ALBANY — Even with state spending expected to be tight because of a looming budget deficit, Assembly Speaker Carl Heastie said state leaders need to come up with a long-term plan to help the cash-strapped MTA.
“There’s only three ways: You either do some kind of a tax, or you do congestion pricing, or money falls out the sky,” Heastie told reporters Thursday. “Those are the things we have to look at.” Gov. Cuomo in his upcoming State of the State address is expected to propose a congestion-pricing plan that would impose a toll on motorists entering busy parts of Manhattan, with the revenue raised being dededicated to mass transit for the Metropolitan Transportation Authority. While Heastie (D-Bronx) is open to the idea, a number of his members from the outer boroughs and suburbs are not.

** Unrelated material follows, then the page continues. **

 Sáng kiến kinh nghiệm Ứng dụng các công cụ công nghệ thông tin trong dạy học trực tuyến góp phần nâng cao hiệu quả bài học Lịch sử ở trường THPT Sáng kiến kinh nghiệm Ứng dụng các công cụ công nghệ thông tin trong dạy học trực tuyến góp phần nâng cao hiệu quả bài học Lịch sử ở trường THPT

Mayor de Blasio has also opposed the idea of congestion pricing. He prefers to increase taxes on the wealthy to help raise needed revenue for the MTA — an idea the Republicans who control the state Senate have shot down. Heastie discussed the issue Thursday during a closed-door meeting with his members at the state Capitol. “I believe that there’s a desire to have a long-term funding plan for the MTA,” he said. “What that is at this point, I don’t know.”
He stressed there is no formal plan or final agreement. “There isn’t anything,’ Heastie said. “There’s just an agreement amongst us as a conference that we have to be mindful of trying to come up with a long-term funding plan for the MTA.” Heastie also warned that with the state facing a projected deficit of at least $4.4 billion, there likely won’t be money to provide major increases to such areas like schools.
“As responsible legislators, we have to first arrest the deficit,” he said. “Whatever things we can do from that point, whether it’s new revenues that aren’t harmful to the state and keeps in mind what the federal government is doing to us, I think we’re going to look at all of those things. “Do I believe this is a year that we’re going to be able to spend billions and billions and billions dollars more? No.”